## Assigned task
The lines below, from the one containing "ETERNA REGULAR FIT" through the one containing "LUISAS Poster vintage des Beatles sur toile –", should be set down exactly, with no pictures and nothing else.

## Source material

>>>

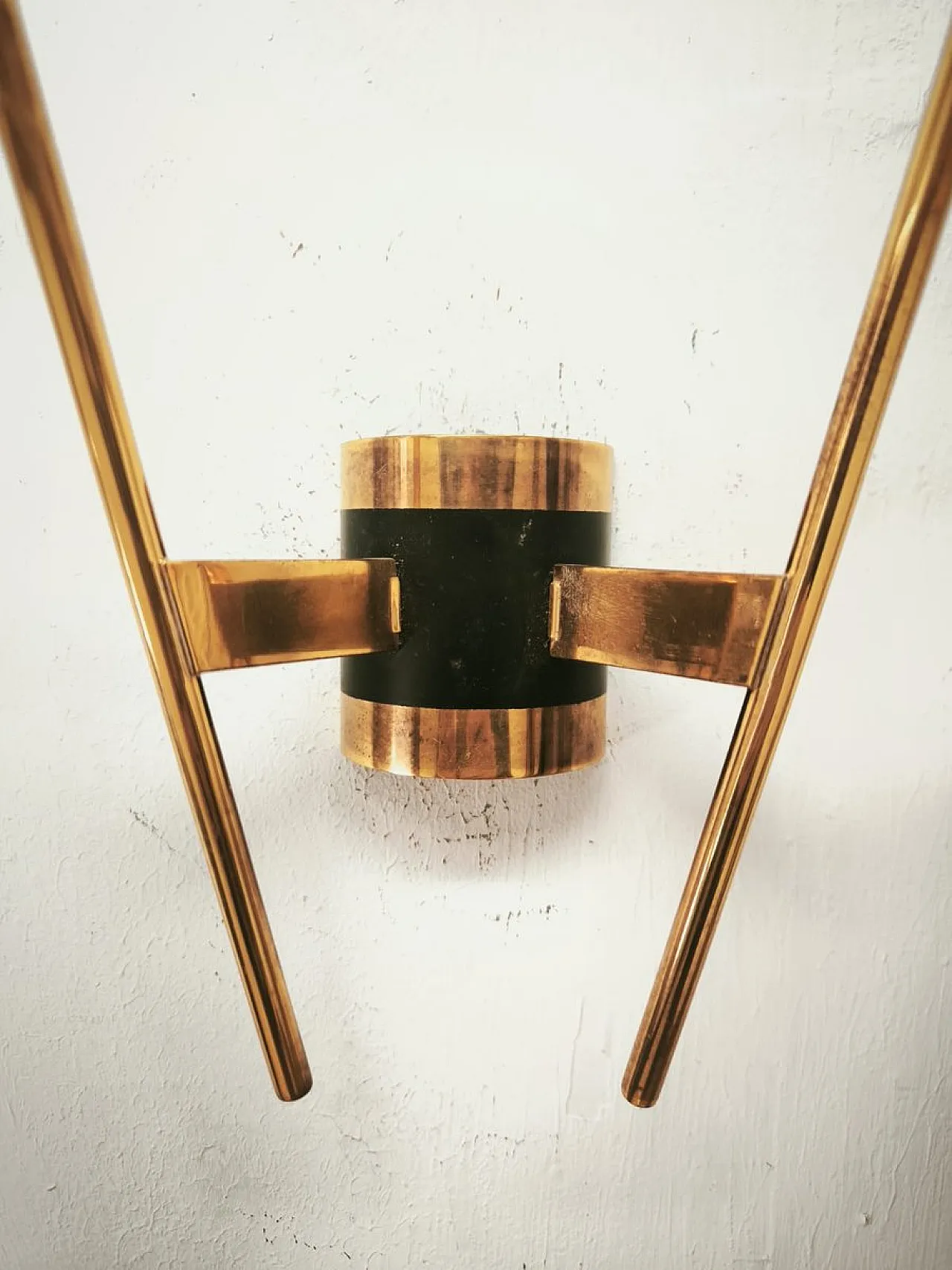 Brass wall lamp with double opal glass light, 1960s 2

<<<
>>>

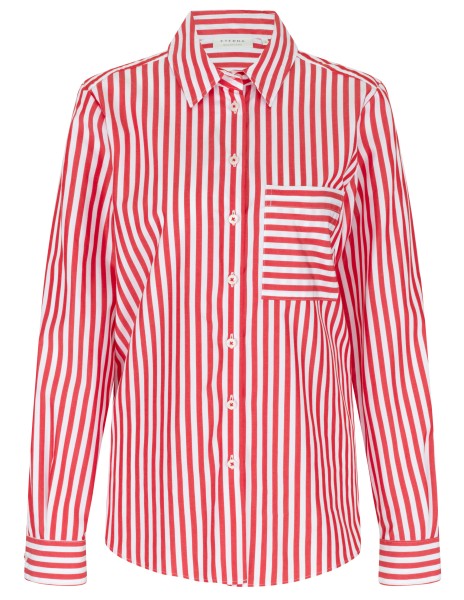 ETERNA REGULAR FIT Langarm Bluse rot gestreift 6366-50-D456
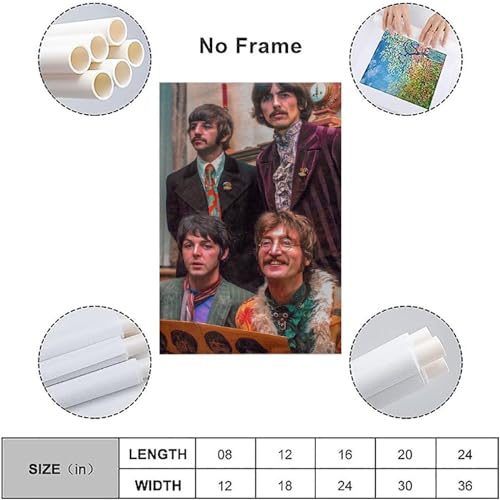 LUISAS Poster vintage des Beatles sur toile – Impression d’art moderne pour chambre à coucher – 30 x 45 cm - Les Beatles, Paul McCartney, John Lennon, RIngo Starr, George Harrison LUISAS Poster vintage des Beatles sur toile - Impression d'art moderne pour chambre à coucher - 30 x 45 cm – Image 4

<<<

## Solution to the exercise
 ETERNA REGULAR FIT Langarm Bluse rot gestreift 6366-50-D456
 LUISAS Poster vintage des Beatles sur toile – Impression d’art moderne pour chambre à coucher – 30 x 45 cm - Les Beatles, Paul McCartney, John Lennon, RIngo Starr, George Harrison LUISAS Poster vintage des Beatles sur toile - Impression d'art moderne pour chambre à coucher - 30 x 45 cm – Image 4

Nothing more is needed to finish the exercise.